Which was, of course, completely ridiculous. They stopped making games like that in the third generation.

Nowadays, three days after a couple friends buy a new release, they’ll go up to each other and ask each other if they’ve beaten it yet.

Back in the third generation, the discussion went more like this:

“Hey, I was playing Contra the other day.”

“Yeah?”

“I got all the way to the fourth stage.

“SWEET!”

“Only took me two years.”

There’s a reason back in those days we as gamers clambored for magazines full of cheat codes, stage selects, invincibility, and, of course, the ‘Holy Grail’ of cartridge games…the notorious Game Genie. The average gamer needed that crap. Nowadays, you don’t. The “Super-Duper-Mondo-Easy Version” is already built into the game. Of course you don’t need cheat codes anymore.

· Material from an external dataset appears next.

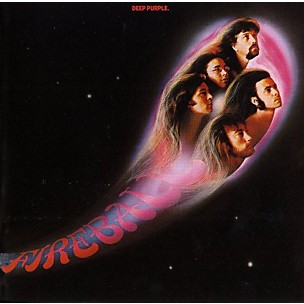 Deep Purple - Fireball (CD)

Some people would even say the reason cheat codes, such as the infamous Konami Code, were created was because games like Contra were all but impossible without them. To that, however, I simply smile, chuckle lightly, and then lean over to gently pat the person on the head and tell them: “…You’re thinking like a fifth generation console player, young padawan. You’re acting like the game wants you to win. Very silly of you.”

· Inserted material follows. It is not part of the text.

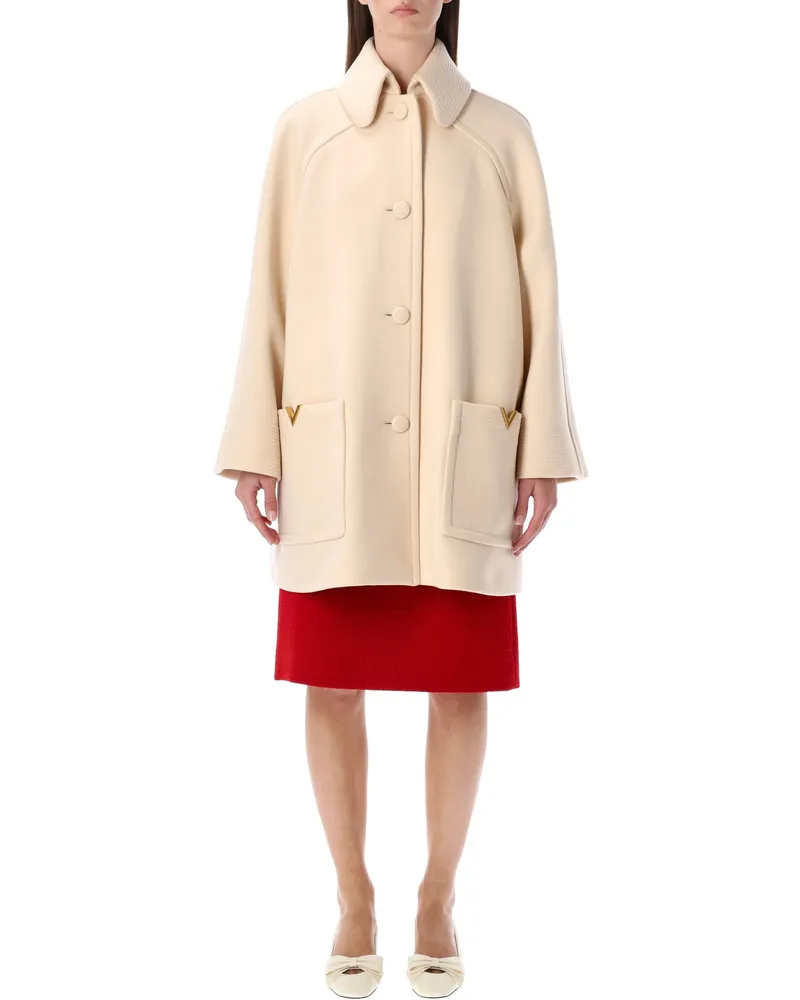 Valentino Garavani Mäntel Beige Beige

So, for you silly young people with your silly ideas of what difficulty is and your silly notion that having more buttons and sticks on a controller somehow makes a game harder instead of easier…I present to you a brief retrospective on yesteryear.

Yes, I shall slip into this rickety old rocking chair and further edify how, yes indeed, “everything was harder when I was a kid”. And it was, too. Chairs were harder. Cars were noiser and less safe. Air was more difficult to breathe. Water rose up out of the faucet and tried to drown you. You had to drag the sun over the horizon and hold it there if you wanted any sunshine. And, of course, games hated you.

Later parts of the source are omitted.